Robienia z ludzi idiotów ciąg dalszy. Do niedawna funkcjonowała narracja, że zły Trump i jego zwycięstwo w wyborach w USA to oddanie Ukrainy Putinowi. Teraz dowiadujemy się, że Kaczyński chciał z Putinem i Orbanem dokonać niemal rozbioru Ukrainy. Co jeszcze powiedzą nam gadające głowy, które do niedawna nie były w stanie nawet wykoncypować alternatywnego dla swojej bańki scenariusza, że ludzie w USA mają dość kłamstw Demokratów i ich totalnie poronionych pomysłów i ideologii?

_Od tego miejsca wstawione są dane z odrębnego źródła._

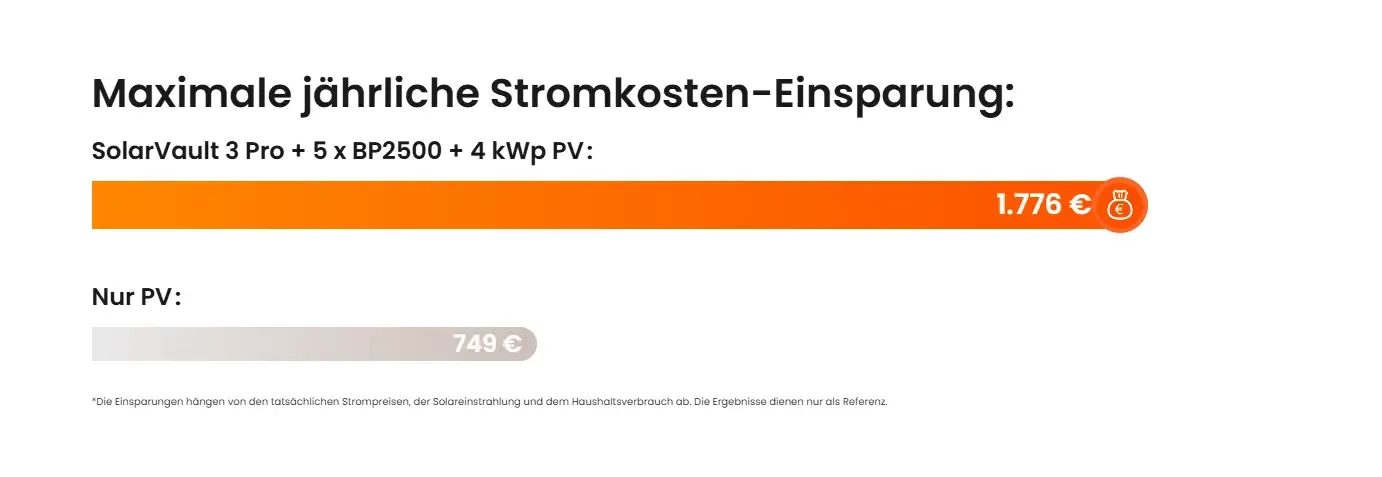 440550_Jackery-SolarVault-3-Pro-Balkonkraftwerk-Speicher-Bilder-A+-5 440550_Jackery-SolarVault-3-Pro-Balkonkraftwerk-Speicher-Bilder-A+-5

Robienia z ludzi idiotów ciąg dalszy. Do niedawna funkcjonowała narracja, że zły Trump i jego zwycięstwo w wyborach w USA to oddanie Ukrainy Putinowi. Teraz dowiadujemy się, że Kaczyński chciał z Putinem i Orbanem dokonać niemal rozbioru Ukrainy. Co jeszcze powiedzą nam gadające głowy, które do niedawna nie były w stanie nawet wykoncypować alternatywnego dla swojej bańki scenariusza, że ludzie w USA mają dość kłamstw Demokratów i ich totalnie poronionych pomysłów i ideologii?

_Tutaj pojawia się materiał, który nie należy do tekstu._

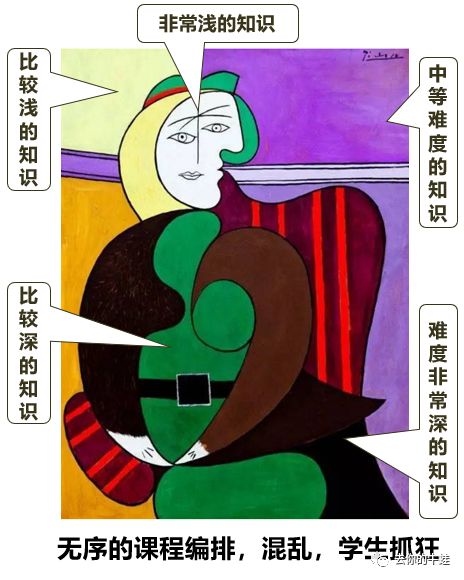 如何给孩子挑选课外班老师之【名师讲课好在哪？】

W „Rozmowach niesymetrycznych” prowadzonych w tej nowej, światłej, odzyskanej TVP INFO, Dorota Wysocka- Schnepf, która w opisie na X ma cytat z Jarosława Kaczyńskiego: „wywiady robione ze mną przez Panią Dorotę Schnepf wyglądały jak zawstydzanie synka”, z ust swojego gościa, Grzegorza Rzeczkowskiego, spijała tezy, jakoby „PiS był gotowy na ustalanie nowego porządku w Europie”. Co więcej, ten wybitny specjalista, ku nieskrywanej radości pani redaktor dodał, że ówczesne władze Polski (czyli rząd tworzony przez PiS) zakładały wręcz, że Ukraina padnie po kilku dniach. A już sugestia, że wojska stabilizacyjne, o których wspomniało kilku polityków PiSu, wysłane zostałyby na Ukrainę wręcz w celu zwieńczenia naszych pretensji terytorialnych, niczym Węgierskich pretensji do Zakarpacia, jakiegoś swoistego rozbioru Ukrainy ręka w rękę z Putinem i Orbanem, doprowadziło panią Dorotę niemal do orgazmu. Tylko z kogo oni chcą zrobić idiotów? Bo z siebie zrobili bez dwóch zdań. Pan ekspert tym, co wygłasza, a pani redaktor nie tylko brakiem polemiki, ale wręcz swoistym zadowoleniem, że to co słyszy, jest tak bliskie jej sercu i niezbyt dużemu rozumkowi. Niezbyt duży rozumek jest bowiem namacalnie widoczny w chełpieniu się na swoim oficjalnym profilu na X wspomnianym cytatem. Pani Dorota wykonuje bowiem zawód dziennikarza i chełpi się tym, że lider jednego z obozów politycznych mówi o niej, że ma bardzo nieobiektywny i nieprzyzwoity styl prowadzenia rozmowy, z kimś z kim się nie zgadza. Zatem siłą rzeczy zapewne on sam jak i ludzie z jego obozu stronić będą od takiego tandetnego dziennikarstwa, które ona uprawia. Zostają zatem tylko Ci, którzy mogą z jej ust, a ona z ich ust, spijać tezy, w otoczeniu których się odnajduje i z którymi się zgadza. Jeśli to jest ta nowa jakość dziennikarska, to Panie Bożę, tęsknię za topornym Jackiem Kurskim!!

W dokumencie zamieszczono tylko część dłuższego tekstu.